Given material:
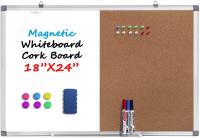 Magnetic Whiteboard and Cork Board Combination Boa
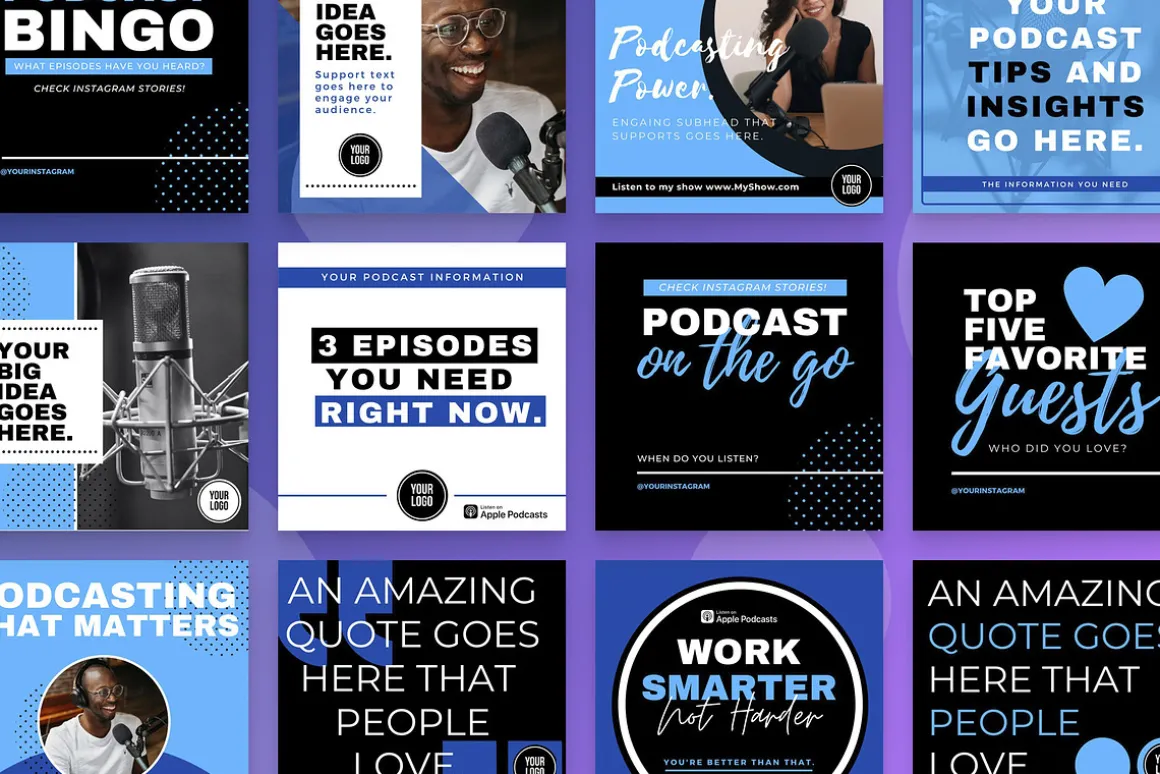 Podcast Social Media Templates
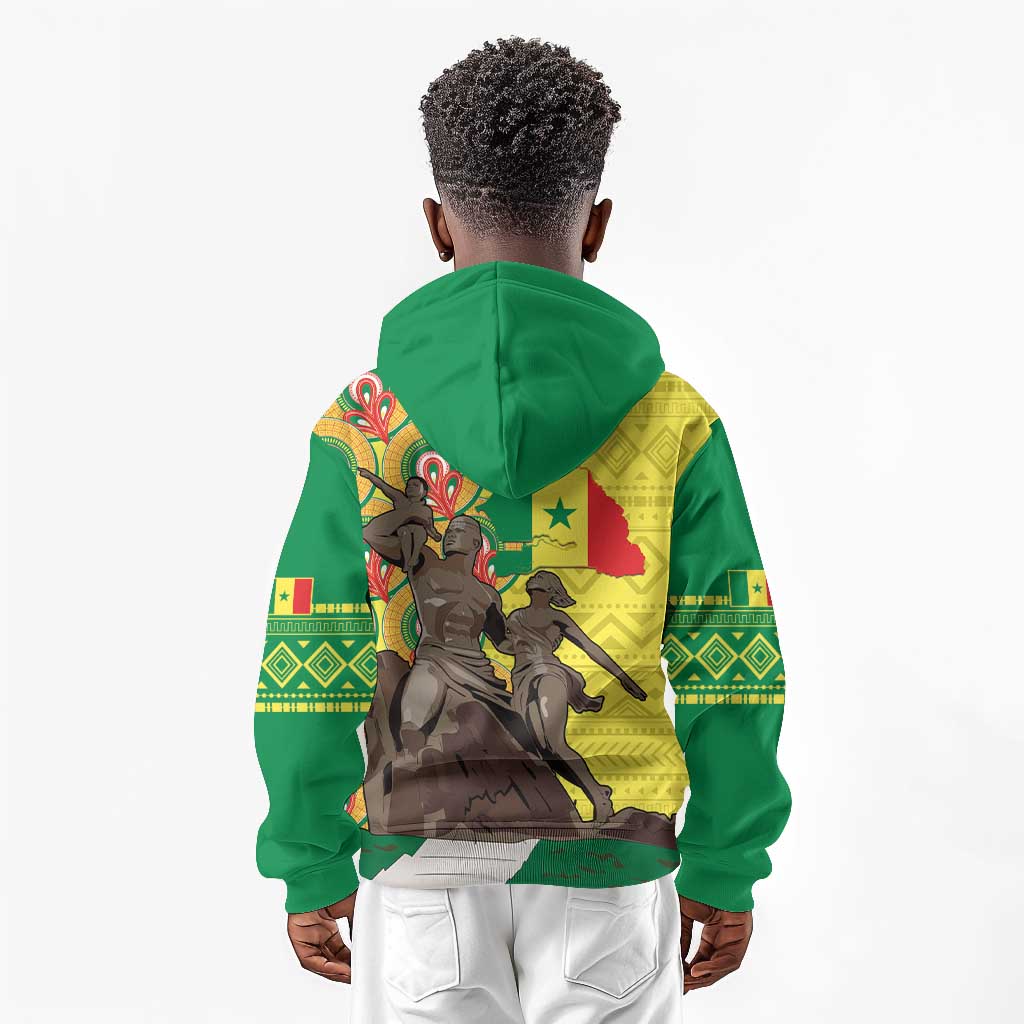 Senegal Monument de la Renaissance Kid Hoodie Africaine Ankara Pattern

What you should do:
Please write out the entire listing above exactly, but leave the pictures out.

Your response:
 Magnetic Whiteboard and Cork Board Combination Boa
 Podcast Social Media Templates
 Senegal Monument de la Renaissance Kid Hoodie Africaine Ankara Pattern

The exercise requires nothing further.